_SOURCE DATA_
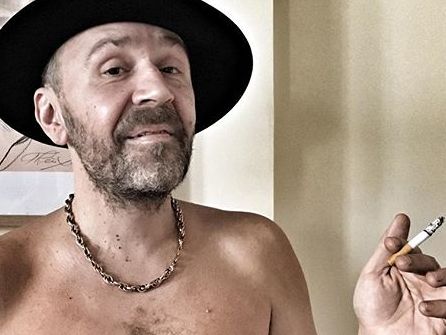 Шнуров после ухода Вокс: Придуманные мной героини мифа довольно быстро и наивно начинают сами верить в свою божественную природу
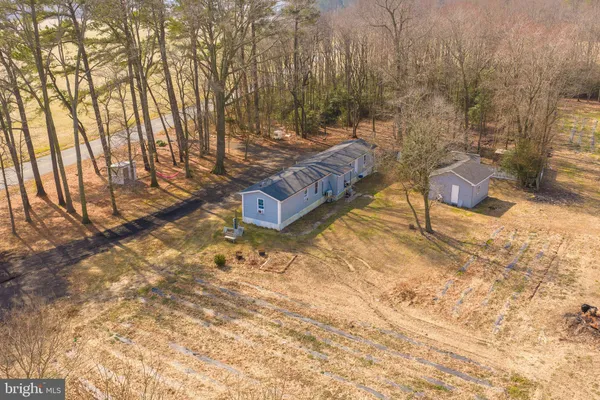 $675,000 | 14470-14450 Backbone Road, Eden, MD 21822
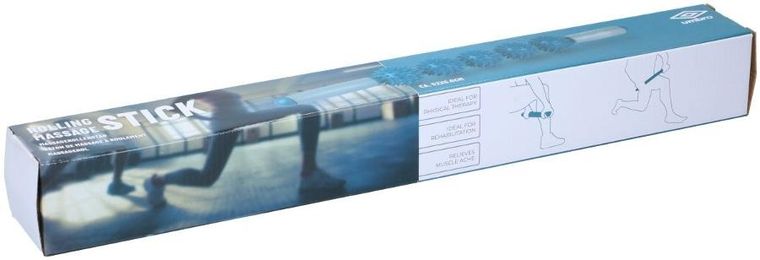 Umbro, Stick Roller, wałek do masażu, 52 cm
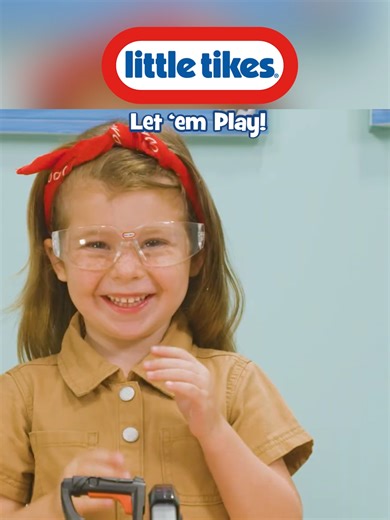 ألعاب ليتل تايكس بناء ومهارات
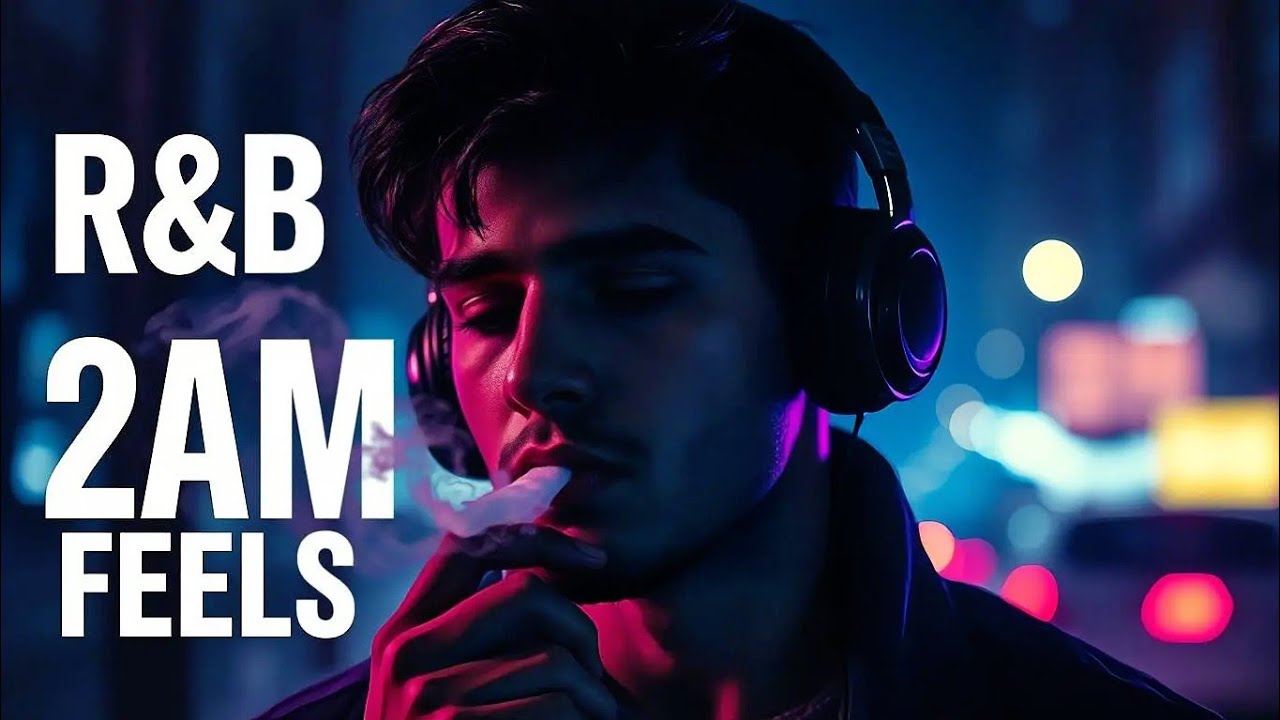 【R&B Playlist 2026】Golden Era Grooves & Romantic Soul Classics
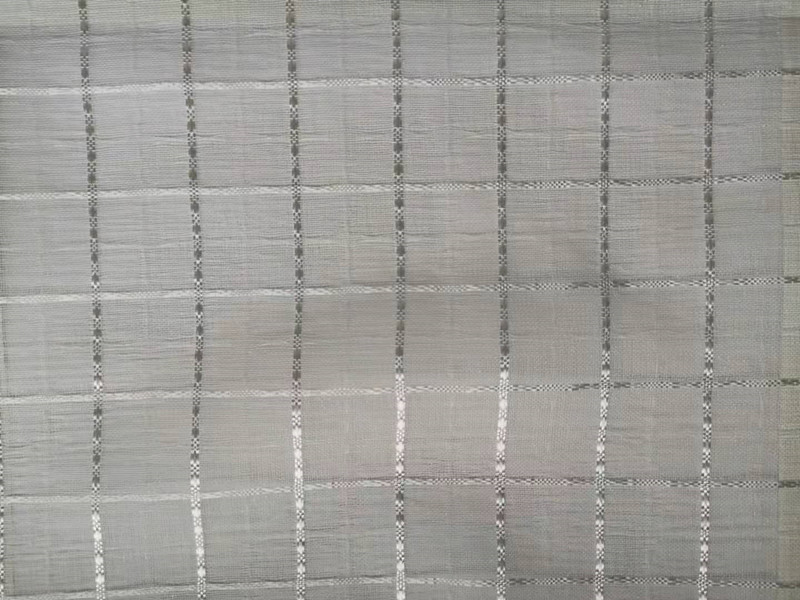 2019 New Polys Voiles Sheer Curtain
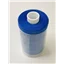 1000m Overlocker Thread 462 Cobalt Blue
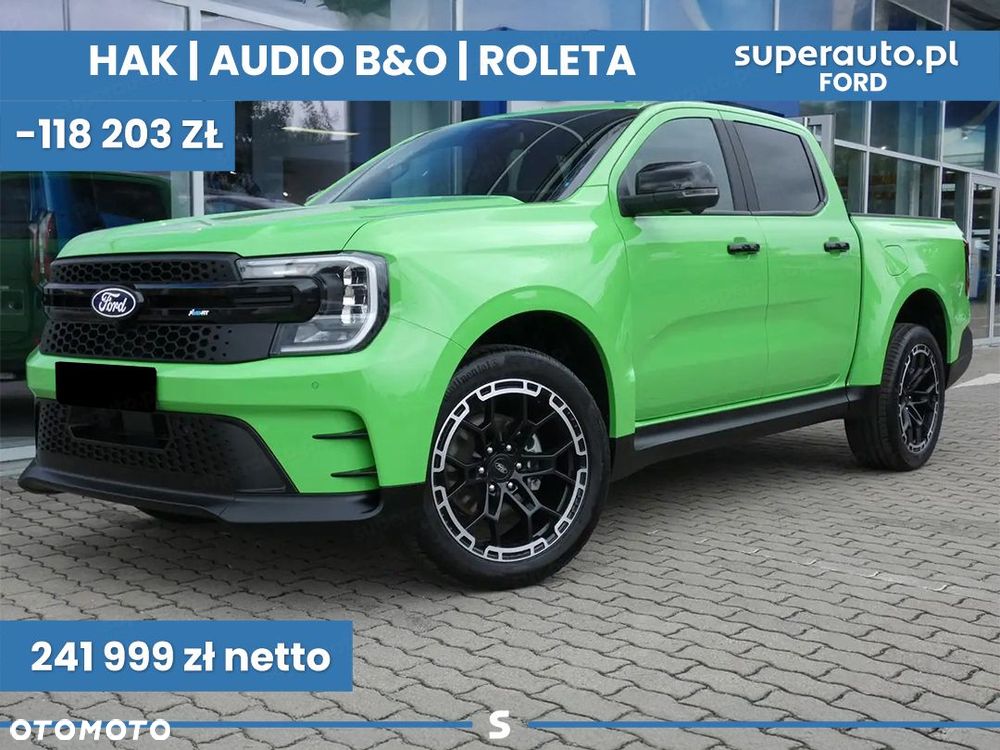 Ford Ranger - 2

_EXERCISE OBJECTIVE_
Type out the data above once more, exactly, with no images included.

_RESPONSE TO THE EXERCISE_
 Шнуров после ухода Вокс: Придуманные мной героини мифа довольно быстро и наивно начинают сами верить в свою божественную природу
 $675,000 | 14470-14450 Backbone Road, Eden, MD 21822
 Umbro, Stick Roller, wałek do masażu, 52 cm
 ألعاب ليتل تايكس بناء ومهارات
 【R&B Playlist 2026】Golden Era Grooves & Romantic Soul Classics
 2019 New Polys Voiles Sheer Curtain
 1000m Overlocker Thread 462 Cobalt Blue
 Ford Ranger - 2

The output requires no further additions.